A case study for a multitenant solution for delivery of user-generated content to designated consumers

Content delivery networks do not solve the massive technical challenges of delivering media uploaded by users to specific groups of consumers. Media can include photos, videos, and podcasts, and are created by individuals, organizations, and small-to-medium businesses. The majority of these are of low interest to the general public, which runs counter to the principle of content delivery networks where content is for public consumption. The leading content delivery networks tailor their network architecture and operational structure toward popular content.

A multitenant solution that provides content delivery services can fulfill the requirements by virtue of isolation and scalability. When the implementation is designed for the cloud, it can become both elastic and, on a pay,-as-you-go model.   Such a service would redistribute content among edge servers and render them in a context-aware fashion.

YouTube and Facebook represent the content web platforms available for common use today. They have native support for social networking functionality but they do not provide private delivery services because all the content is aggregated together for delivery. Some web services support content delivery such as CloudFront and object storage as a cloud service but they do not support access management and segmentation requirements. Therefore, it is hard to find a solution that can address all of these requirements.

The essentials for a multitenant service that fulfills these requirements include the following:

1.       Media cloud – The media cloud is hybrid in nature. It can include on-premise appliances or public cloud services that support unconfigured content distribution with an underlying network infrastructure.  It exhibits resource virtualization in terms of computing, storage, and networking resources. For example, networks can be virtualized with point-to-site VPN connectivity or open-flow technologies.

2.       Content provider – When the content is published, a content-delivery request is submitted to a choice media service provider. Each request has the following parts:

a.       A list of locations for the content which could be private servers or storage space such as Amazon S3.

b.       A group of targeted consumers which could be a group of friends on a specific social networking platform or all the users in some geological location or within some subnet.

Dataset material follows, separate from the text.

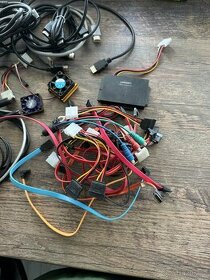 Různé PC kabely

c.       A list of desired Quality-of-service metrics e.g. Bandwidth, delay, time jitter, security, and others.

d.        A time window during which their contents can be consumed.

3.       Workflow – Carving out a content delivery service from the underlying media cloud supports a virtual overlay that provides the required QoS with minimum cost. Storage, bandwidth, and compute required for delivery are reserved. Managerial routines can be delegated to compute that can be scaled up or down.

4.       Identity and access management to secure a targeted audience. This could be as simple as public-private key pairs to gain access.

When the virtual content delivery service is configured, contents are acquired from the storage locations and pushed into the set of edge servers from which a targeted audience can consume.